• Work request
Please repeat each line from the one holding "Recanto dos Dendês Chalés" through the final line of the data, exactly as it stands, with no pictures.

☆ ☆ ☆ ☆ ☆

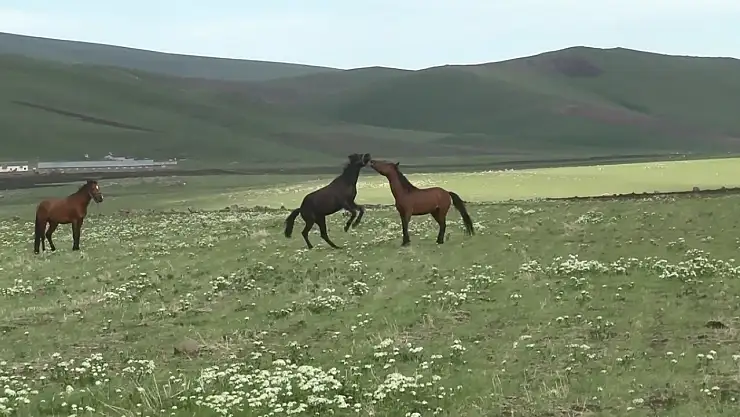 Kars'ta özgür yılkı atlarının muhteşem görüntüleri ve güreş gösterisi kamerada!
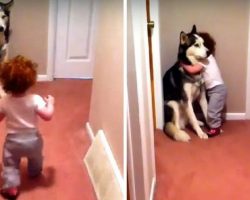 Baby Scared Of Vacuum Runs To Dog For Protection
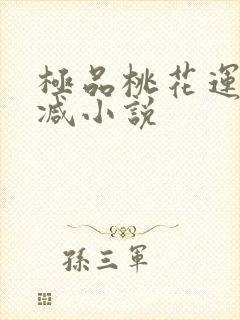 极品桃花运未删减小说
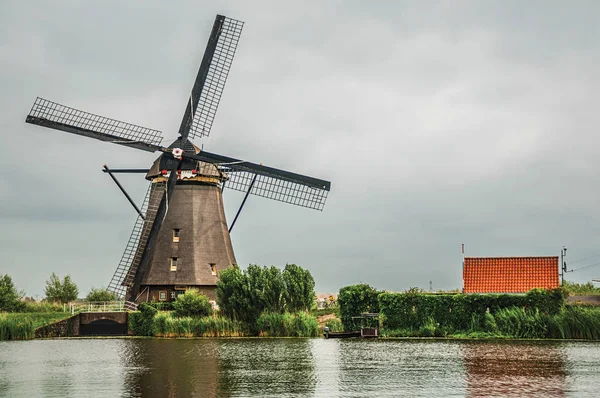 Ветряная мельница с домом и кустами на канале в Киндердейке — стоковое фото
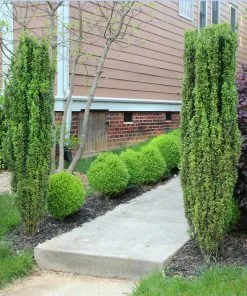 Brighter Blooms Evergreen & Privacy Sky Pencil Holly Tree 8 Brighter Blooms Evergreen & Privacy Sky Pencil Holly Tree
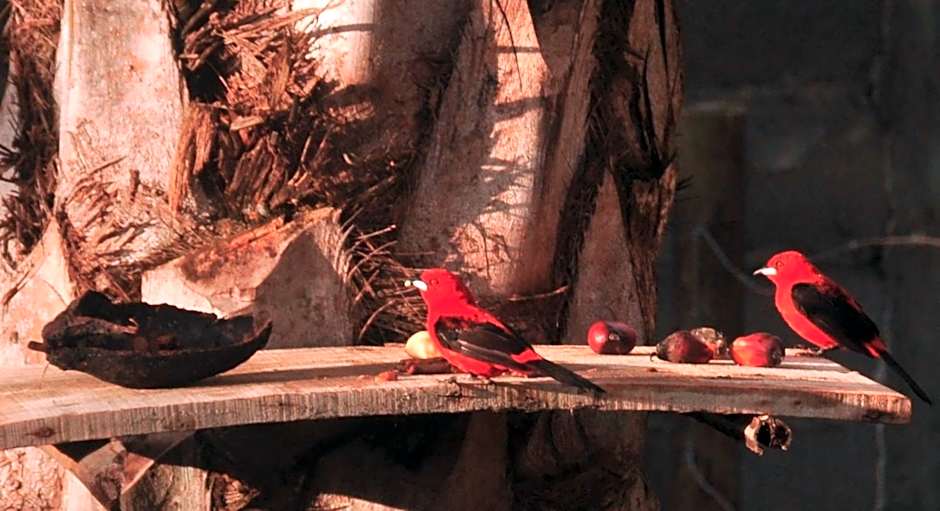 Recanto dos Dendês Chalés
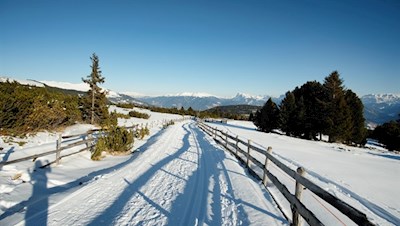Die linde Wintersonne zeichnet Schatten in den weißen Schnee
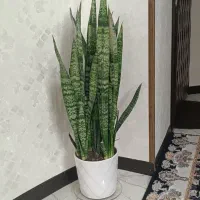 گل طبیعی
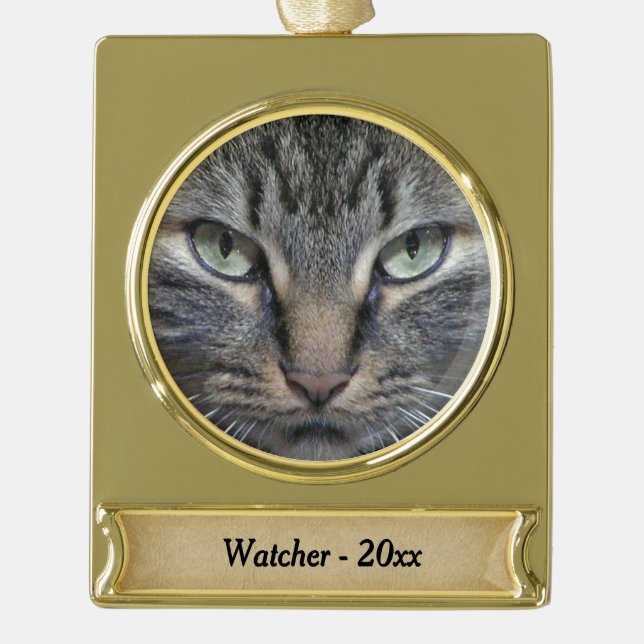 Main Coon Cat Eyes Gold Name and Year Plated Banner Ornament (Front)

☆ ☆ ☆ ☆ ☆

• Exercise output
 Recanto dos Dendês Chalés
Die linde Wintersonne zeichnet Schatten in den weißen Schnee
 گل طبیعی
 Main Coon Cat Eyes Gold Name and Year Plated Banner Ornament (Front)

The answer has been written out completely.